Kris Deveria, Minor student of International Land and Water Management, from Scotland
‘On a huge billboard by the roundabout, Wageningen proclaims itself to be a fantastic university. I am shocked, though, by the poor English of some teachers and of the course material they use. I think better course material could reduce stress among students and lead to higher grades. Teachers sometimes use Dutch words in class, too, often forgetting to translate them into English, especially when the majority of the students present are Dutch. Foreign students can feel inhibited to say something about that. Teachers should make more of an effort to include everyone. In general Wageningen University is doing very well, of course, and that includes the use of English. But that doesn’t mean there isn’t room for improvement.’
Tiny van Boekel, Director of education institute OWI, from the Netherlands
‘Overall, the average standard of English among the teachers is high. And it is certainly good enough for them to teach their subject. But it does vary. It is interesting that in the past teachers who are native speakers used to get more negative evaluations from students. Apparently they speak such fluent English that students can’t follow them. A little bit of ‘Dunglish’ is not such a bad thing. It is slow and clear. I don’t get many complaints about the command of English. And the executive board has decided to give everyone the chance to take a test, after which you can decide whether to take a refresher course. Language remains an issue that needs attention because you get the odd teacher who doesn’t speak English very well. But as a rule it’s good enough.’

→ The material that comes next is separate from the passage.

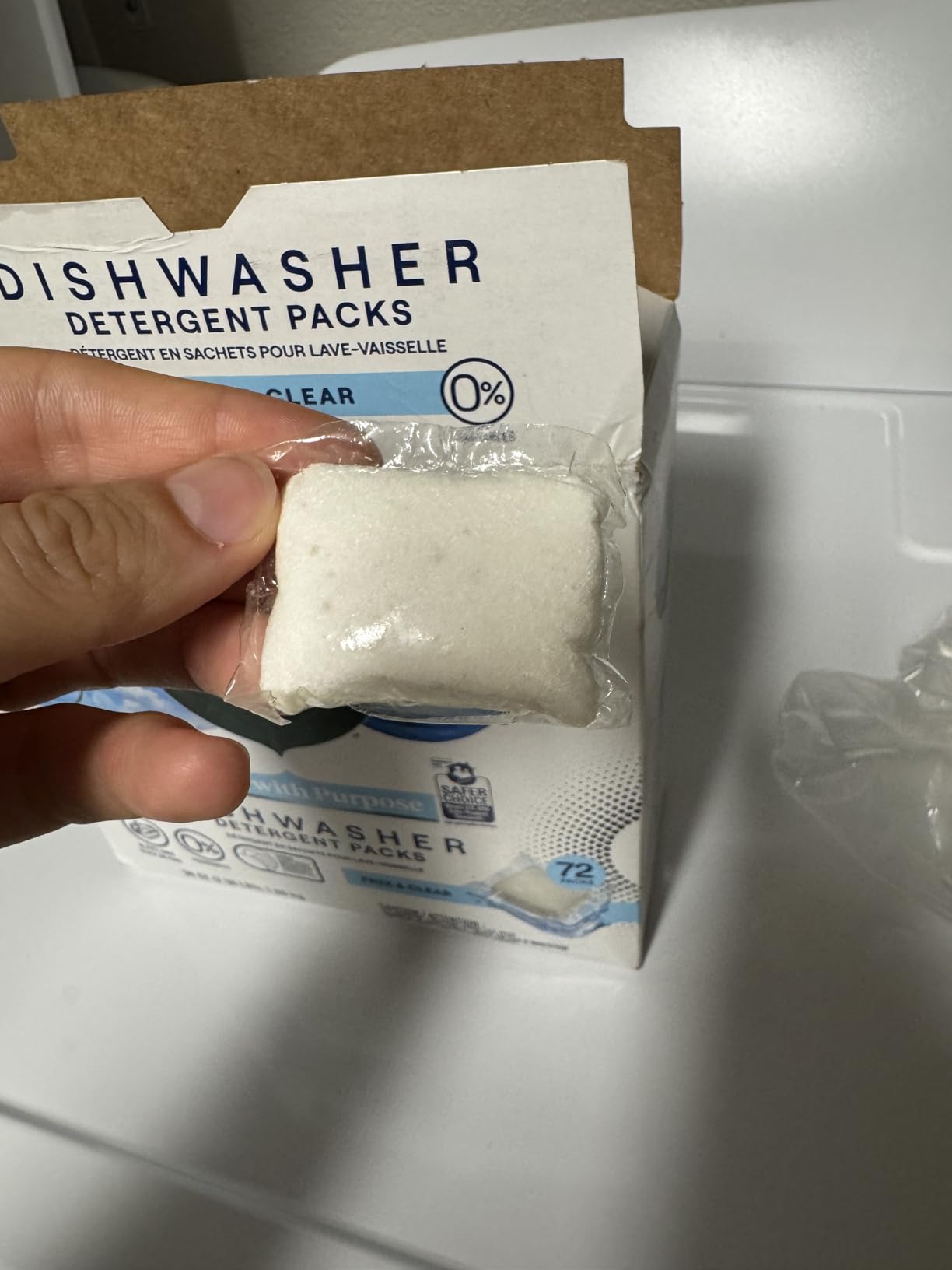 Seventh Generation Free & Clear Dishwasher Detergent Packs, 72 Count customer photo 2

Dominique Sinopoli, PhD candidate and teacher in the Law and Governance chair group, from the US
‘In general the level of English is quite good. Sometimes I do see literal translations of Dutch that really don’t work in English. I recently heard ‘to hit two flies with one swap’. In this case there’s actually a similar expression in English, ‘to kill two birds with one stone’. Lecturers should be careful to not have information or images in Dutch on their slides. Sometimes it’s okay, for example if there was something relevant in the news and the lecturer wants to show the class, but then a translation should always be provided. The first time I taught here I actually received some low marks in the course evaluation for my English, even though I am a native speaker! I learned it was because I spoke too quickly and some students couldn’t understand me. Now I’m more careful and always try to speak more slowly and clearly.'
Bram Kerssemakers, Student council member for VeSte, from the Netherlands
‘The standard of the teachers’ English is generally high. But we do occasionally hear that a course would have been better if the teacher had been more fluent in English. These are isolated cases but we do pass them on to the programme committee so that teachers can get support. The use of English is not constantly on the agenda of the student council. We look at the general trend of using English more. We want there to be enough opportunities for teachers to improve their English. We sometimes get complaints about the English of international students in group work. Some students really don’t speak English very well, but I think cultural differences are often a factor as well. Dutch and foreign students often have different ideas about group work.’
Nina Fieten, Exchange student of Marine Biology, from the Netherlands
‘Here in Wageningen I think the teachers speak very good English. I’ve been studying here for two months now and nothing about the English has bothered me so far. At the University of Groningen (RUG), where I am doing my Master’s, I sometimes see grammatical errors in presentations. And exam questions are not always well formulated. There are fewer international students at Groningen, so maybe that’s why the standard of English is lower. It does vary per course, though. In Groningen I take science courses. A lot of the science teachers are good researchers but are not so used to teaching, so their English is not always up to scratch. On the other hand, in class in Wageningen there are international students with poor English, and that is not something I’ve encountered in Groningen.’
Gerlo Borghuis, Master’s student of International Land and Water Management, from the Netherlands
‘All the teachers in Wageningen speak English. They write academic articles in English and their presentations are free of errors. So overall I think the teachers’ English is good. Their pronunciation sometimes leaves something to be desired. You get some Louis van Gaal English: literal translations from the Dutch. But I don’t know how much of a problem that is. It does make it less easy to follow. Or it just makes you laugh and that’s distracting because you are more focused on the funny translation than on the subject of the class. I have sometimes mentioned a teacher’s so-so English in the online course evaluation.’
*Steenkolen engels, or Coal English refers to the broken English of Dutch dock workers communicating with sailors on English coal ships in the early 1900s.